How to write type-stable dataflow graphs

I’m trying to implement a dataflow graph for basic arithmetic and encountering type instability for all but trivially simple graphs. How to rewrite this in a type-stable way?

module Inst # for "type-instability" 
import Base.:* 

abstract type Op end # trait; indicates the arithmetic operation performed 
struct Sum <: Op end 
struct Prod <: Op end 

struct Node{S<:Op, C} # a node in the graph; C is the type of the children. 
    children::Vector{C} 
end 
Node(T::Type{S}, children::Vector{C}) where {S<:Op, C}= Node{T, C}(children) 
*(g::Node{S, C}, xx) where {S, C}= Node{S,C}([xx*tt for tt in g.children])
*(xx, g::Node)= *(g, xx) 

# apply executes the operation 
apply(g::Node{S, C}) where {S <: Op,C}= apply(S(), g) 
apply(::Sum, g)= sum(apply.(g.children)) 
apply(::Prod, g)= prod(apply.(g.children)) # recurse apply into children 
apply(x::T) where {T<:Number}= x # evaluate leaf-nodes of graph 
end 

using .Inst 
# verify correctness of implementation...
s= Inst.Node(Inst.Sum, [1,2])
@show Inst.apply(s) 
p= Inst.Node(Inst.Prod, [3,4])
@show Inst.apply(p) 
g= Inst.Node(Inst.Prod, [s, p])
@show Inst.apply(g) 

@code_warntype Inst.apply(s) # type stable 
@code_warntype Inst.apply(p) # type stable 
julia> @code_warntype Inst.apply(g) #<-- why is there type instability here? 
Variables
  #self#::Core.Compiler.Const(Main.Inst.apply, false)
  g::Main.Inst.Node{Main.Inst.Prod,Main.Inst.Node{S,Int64} where S<:Main.Inst.Style}

Body::Any
1 ─ %1 = ($(Expr(:static_parameter, 1)))()::Core.Compiler.Const(Main.Inst.Prod(), false)
β”‚   %2 = Main.Inst.apply(%1, g)::Any
└──      return %2

Profiling shows that apply(g) is much slower, presumably due to type instability.
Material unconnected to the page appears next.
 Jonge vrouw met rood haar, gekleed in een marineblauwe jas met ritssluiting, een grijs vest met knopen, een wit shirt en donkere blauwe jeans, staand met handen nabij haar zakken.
julia> using BenchmarkTools 

julia> @btime Inst.apply(s) ; 
@btime Inst.apply(g) ; 
  66.834 ns (1 allocation: 96 bytes)

julia> @btime Inst.apply(g) ; 
  251.530 ns (5 allocations: 320 bytes)

Can you say more? It seems like your design is to use separate types for things like Sum and Prod that presumably vary a lot at runtime, so it seems like your intention is to incur lots of runtime dispatch costs. What’s the type instability that you’re focused on getting rid of?

1 Like

Thanks for having a look. I’ve updated above with btimes for each, and the output of @code_warntype. I’m simply trying to speed up the call to apply(g).

You seem to be suggesting that this problem is inherently type-unstable? But doesn’t Julia solve this problem when it compiles regular nested arithmetic expressions, such as x=3*(4+2)+7?

I think you want to remove the type based dispatch if you want this to be faster: instead of something like Op, Sum and Prod as distinct types, you might make a single type that uses an enum to capture the expression and branch on that.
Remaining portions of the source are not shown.